I didn’t write this in the original post but after some thought I think the entire gas fee must go to the miner which includes the transaction. If we do this there is no need to resort to ideas such as charging for the entire GAS_LIMIT. If we use the proposed rule where miners must execute as many transactions as will fit under the BlockGasLimit then executing miners have no discretion and will execute transactions, with the block reward for mining a valid block as their incentive.

This is a neat idea. What if we kept everything as it is in Istanbul and added just the block propagation rule: When a network participant receives a block for which it has not received a witness for the parent block it waits 1 second before forwarding. Miners which do not propagate witnesses have a high risk of having their blocks orphaned. I need to think about it more but my first impression is that this Alaska-lite gives you a lot of the benefit of Alaska without the complication.

Also, thank you for adding the context here @poemm, this is great!

An interesting idea to address DOS is to charge the PROPOSER penalty for each transaction that ends up not having minimum gas.

Then it will be up to the proposer to execute or may be find a lighter way of ensuring the block is not filled with no-gas transactions.

An interesting idea to address DOS

Please spell out exactly how the DOS works.
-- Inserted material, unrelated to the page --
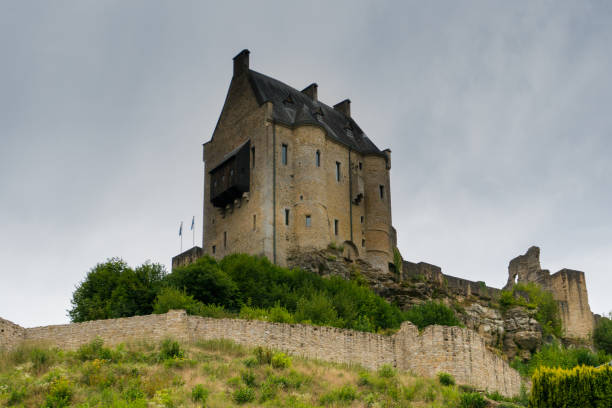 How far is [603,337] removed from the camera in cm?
6212

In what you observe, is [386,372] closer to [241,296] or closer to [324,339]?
[324,339]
I am willing to believe there is one but do not currently see any.

In this proposal it is possible for miners to include invalid transactions (the state root is not yet updated, so stateless clients would not be able to validate blocks if we were asserting on transaction validation). However, if including miners are given the full transaction fee then this is equivalent to how things work today.

Miners today are capable of mining empty blocks and sometimes do. This is not a DOS. Any miner which mines an empty block has reduced their own revenue and left the revenue of everybody else unchanged.

Miners under the current Alaska proposal are allowed to include invalid transactions. Any miner who does so has lost revenue but not reduced the revenue of any other miner. It is possible to pre-process the transaction queue and predict the results of executing any candidate transaction, so miners will be 100% capable of knowing ahead of time whether the transactions they are including are valid.

May be I did not understand the proposal correctly …

If you are pre-processing transactions, isn’t it equivalent to block transaction execution? If you are executing all transactions in a block, then I guess you will have state root.

Or you are saying that updating the state root is much more computationally intense than executing the block but not updating the root?)